-- Problem --
Output every line from the beginning of the records through the line that contains "Valentino Garavani Clutch", exactly as it appears.

[Brief descriptive captions]

· · · ·

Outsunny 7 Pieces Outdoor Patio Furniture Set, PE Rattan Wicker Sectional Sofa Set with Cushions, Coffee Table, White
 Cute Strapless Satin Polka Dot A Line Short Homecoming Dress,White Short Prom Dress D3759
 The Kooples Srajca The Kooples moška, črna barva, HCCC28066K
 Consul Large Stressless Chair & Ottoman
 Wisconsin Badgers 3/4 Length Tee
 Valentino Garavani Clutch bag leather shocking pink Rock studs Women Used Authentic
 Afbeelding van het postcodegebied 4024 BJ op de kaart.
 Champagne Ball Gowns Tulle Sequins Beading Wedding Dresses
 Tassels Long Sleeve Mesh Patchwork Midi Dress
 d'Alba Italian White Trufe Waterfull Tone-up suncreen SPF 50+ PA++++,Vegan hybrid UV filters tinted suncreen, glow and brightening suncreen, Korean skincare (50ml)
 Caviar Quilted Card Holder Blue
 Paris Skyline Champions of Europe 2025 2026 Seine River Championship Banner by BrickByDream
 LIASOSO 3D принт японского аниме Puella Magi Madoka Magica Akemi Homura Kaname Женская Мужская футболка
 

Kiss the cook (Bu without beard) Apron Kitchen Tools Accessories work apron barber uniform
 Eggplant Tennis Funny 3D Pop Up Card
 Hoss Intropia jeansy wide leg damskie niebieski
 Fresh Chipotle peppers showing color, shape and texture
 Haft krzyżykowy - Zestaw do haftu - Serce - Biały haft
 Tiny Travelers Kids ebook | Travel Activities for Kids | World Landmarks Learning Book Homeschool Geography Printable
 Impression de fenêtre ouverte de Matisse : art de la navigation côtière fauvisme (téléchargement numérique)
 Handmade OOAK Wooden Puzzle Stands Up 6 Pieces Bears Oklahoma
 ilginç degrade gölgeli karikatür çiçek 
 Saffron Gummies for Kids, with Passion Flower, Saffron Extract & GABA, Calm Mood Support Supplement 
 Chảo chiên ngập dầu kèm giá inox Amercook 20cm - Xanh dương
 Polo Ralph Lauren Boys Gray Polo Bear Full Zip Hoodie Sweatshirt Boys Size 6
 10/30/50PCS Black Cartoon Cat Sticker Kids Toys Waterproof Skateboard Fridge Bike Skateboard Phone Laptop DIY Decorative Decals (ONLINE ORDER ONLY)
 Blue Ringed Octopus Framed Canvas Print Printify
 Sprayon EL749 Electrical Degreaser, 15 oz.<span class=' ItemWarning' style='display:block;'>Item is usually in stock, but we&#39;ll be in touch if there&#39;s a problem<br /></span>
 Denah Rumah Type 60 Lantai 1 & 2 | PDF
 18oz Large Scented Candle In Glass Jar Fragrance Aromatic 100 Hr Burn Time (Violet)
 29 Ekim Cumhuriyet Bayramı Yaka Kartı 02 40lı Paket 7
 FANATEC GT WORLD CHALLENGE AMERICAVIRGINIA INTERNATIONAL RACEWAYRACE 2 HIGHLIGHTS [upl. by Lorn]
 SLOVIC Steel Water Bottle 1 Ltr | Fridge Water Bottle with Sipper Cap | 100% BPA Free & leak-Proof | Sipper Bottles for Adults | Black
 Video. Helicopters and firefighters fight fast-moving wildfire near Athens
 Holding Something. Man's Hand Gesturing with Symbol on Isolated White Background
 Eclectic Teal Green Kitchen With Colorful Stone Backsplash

· · · ·

-- Task solution --
Outsunny 7 Pieces Outdoor Patio Furniture Set, PE Rattan Wicker Sectional Sofa Set with Cushions, Coffee Table, White
 Cute Strapless Satin Polka Dot A Line Short Homecoming Dress,White Short Prom Dress D3759
 The Kooples Srajca The Kooples moška, črna barva, HCCC28066K
 Consul Large Stressless Chair & Ottoman
 Wisconsin Badgers 3/4 Length Tee
 Valentino Garavani Clutch bag leather shocking pink Rock studs Women Used Authentic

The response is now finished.